Linkage analysis and haplotype information can be used to guide which samples to select for NGS. For pedigrees with locus homogeneity selection of sample(s) for NGS is based upon the entire pedigree, whereas for families with locus heterogeneity samples are selected within each pedigree subgroup predicted to segregate the same causal variant. Selecting a sample for NGS from one affected individual is usually sufficient for autosomal recessive traits when the pedigree is consanguineous; however, for autosomal dominant traits it is advisable to select samples from two or more affected individuals. The selection of DNA samples for NGS can be based upon haplotypes within a pedigree or pedigree subgroup, where it is desirable to select individual(s) with the smallest shared haplotype region. Linkage information combined with NGS and filtering can reduce the number of variants for follow-up.5, 6, 27 When there is strong evidence that a causal variant lies within a mapped region, variant selection can be easily performed even with relaxed filters (eg, occurrence in variant databases, population frequency >0.1%). On the other hand, when no causal variants are identified despite strong linkage evidence, this can give a hint that the variant may have been missed due to poor coverage by NGS or alternative strategies (eg, CNV calling) might be needed.

As the cost of NGS decreases, instead of sequencing DNA samples from a subset of family members, an affordable strategy will be to sequence all available pedigree members. Performing linkage analysis using NGS genotypes from the entire family will aid in identifying potentially causal genes/variants that segregate with disease.28, 29 The linkage analysis and homozygosity mapping approach described in this article can also be used with NGS data.
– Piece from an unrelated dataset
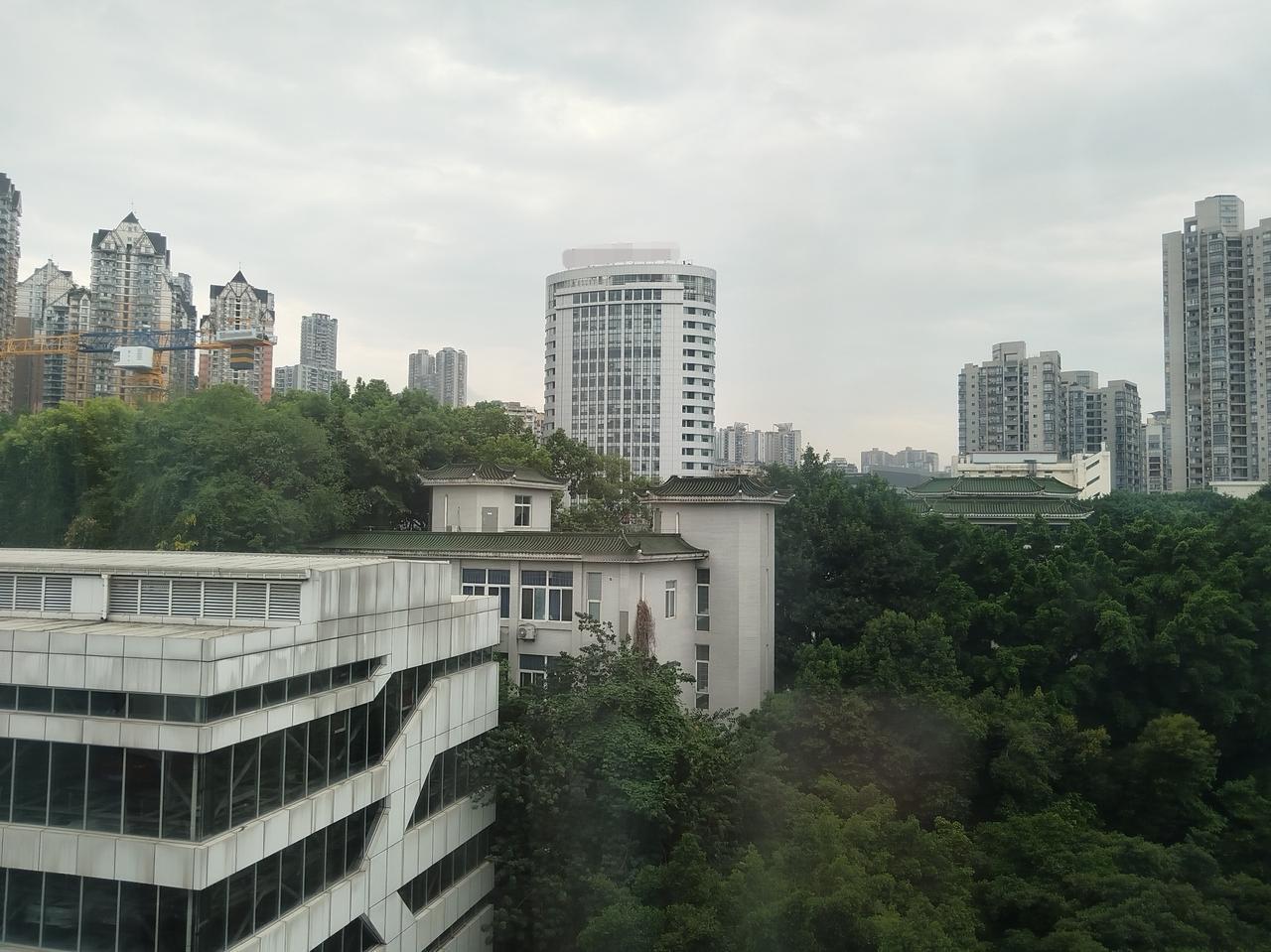 李文全随拍：城中森林，喧嚣的一把扳手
In summary, we demonstrate that linkage analysis and homozygosity mapping are still useful in the age of NGS. Although families presented here have HI, the proposed strategies discussed here and outlined in Figure 4 should be applicable to any Mendelian trait. In the presence of intra-familial locus heterogeneity, the causal variants may be identified by: (1) initial screening of genes that are known to harbor disease-causal variants; (2) use of additional clinical information that may give phenotypic clues to genetic etiology; (3) when locus heterogeneity is suspected, performing simulation and linkage analysis or homozygosity mapping for branches or subsets of individuals in order to identify individuals most likely to share the same disease-causal variant; (4) using linkage and haplotype information to select DNA samples from affected individuals for NGS; and (5) considering locus heterogeneity when evaluating co-segregation of variant with phenotype within the family. We have shown that occurrence of intra-familial locus heterogeneity, including intra-sibship heterogeneity, is not rare and that taking intra-familial locus heterogeneity into account while analyzing pedigree data can increase the success rate in the identification of causal variants for Mendelian traits. Although we have concentrated on demonstrating the presence of locus heterogeneity in pedigrees segregating Mendelian disease, this problem is not unique to Mendelian traits but also occurs in families segregating complex traits particularly in those with bilineal inheritance.

Figure 4
figure 4

Workflow for identification of causal variants in families with Mendelian traits.